I enjoyed using Rust/WASM for a web application I made. Once I got the build step figured out, which took a week, the application worked like I wanted right away.
I was trying to build an HTML generator in Rust and got pretty far, but I don't think I'll ever be happy with the API unless I learn some pretty crazy macro stuff, which I don't want. For the latter project, the "innovation tokens" really rings true for me, I spent months on the HTML gen for not much benefit.
For a web backend? Rust is pretty mature there, it doesn't even feel like an innovation token - it's by my favorite thing to use Rust for.
You have very mature webservers, asyncio, ORMs, auth, etc., it's very easy to write, and the type safety helps a ton.
In 2020 it might have taken some innovation tokens, but the only things that require a ton less (for web backend) are probably Java, python, and node.js, and they all have their unique pain points that it doesn't seem at all crazy?
Good to know! You probably saved me a lot of pain.
Better title: "Farewell, Rust for Web"
Farewell, Rust for Web was a worse title. I thought it meant Rust ended WebAssembly support.
Yes. This is one of the things that drives me nuts about a lot of titles on here: the context like “for the web” changes how it’s is interpreted a great deal. I see the same thing when I see posts about other languages and AI and such. Context matters versus making it sound like a broad, general statement. Alas, the broad, general statements likely get more engagement..
Agreed! The context matters a lot. Rust is a great language, but using it for the web is a poor choice just like using JS outside the web is a poor choice. Programming languages all have domains where they do well or poorly, and trying to make a single language work for all cases is a fool's errand.
Ok, we'll use that above. Thanks!
Yeah Astro is a great choice for a static or mostly static website. Moving to Astro is not a slight on any other language or framework.
Aiui they are also migrating their backend api(s) from rust to node. They were already using astro with rust on the backend (after dropping ssr with tera).
due to the nature of safety in Rust, I’d find myself writing boilerplate code just to avoid calling .unwrap(). I’d get long chain calls of .ok_or followed by .map_err. I defined a dozen of custom error enums, some taking other enums, because you want to be able to handle errors properly, and your functions can’t just return any error.
This can be a double edged sword. Yes, languages like python and typescript/JavaScript will let you not catch an exception, which can be convenient. But that also often leads to unexpected errors popping up in production.
Often is not the word I'd use, from my experience.
The times something like that happened to me AND wasn't a trivial fix can be counted on half a hand.

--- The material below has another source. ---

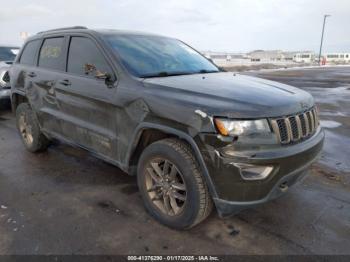  Salvage Jeep Grand Cherokee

A tradeoff I'd take any day to not have to deal with rust all of the time.
I want to address this one point:
> Similar thing can be said about writing SQL. I was really happy with using sqlx, which is a crate for compile-time checked SQL queries. By relying on macros in Rust, sqlx would execute the query against a real database instance in order to make sure that your query is valid, and the mappings are correct. However, writing dynamic queries with sqlx is a PITA, as you can’t build a dynamic string and make sure it’s checked during compilation, so you have to resort to using non-checked SQL queries. And honestly, with kysely in Node.js, I can get a similar result, without the need to have a connection to the DB, while having ergonomic query builder to build dynamic queries, without the overhead of compilation time.
I've used sqlx, and its alright, but I've found things much easier after switching to sea-orm. Sea-orm has a wonderful query builder that makes it feel like you are writing SQL. Whereas with sqlx you end up writing Rust that generates SQL strings, ie re-inventing query builders.
You also get type checking; define your table schema as a struct, and sea-orm knows what types your columns are. No active connection required. This approach lets you use Rust types for fields, eg Email from the email crate or Url from the url crate, which lets you constrain fields even further than what is easy to do at the DB layer.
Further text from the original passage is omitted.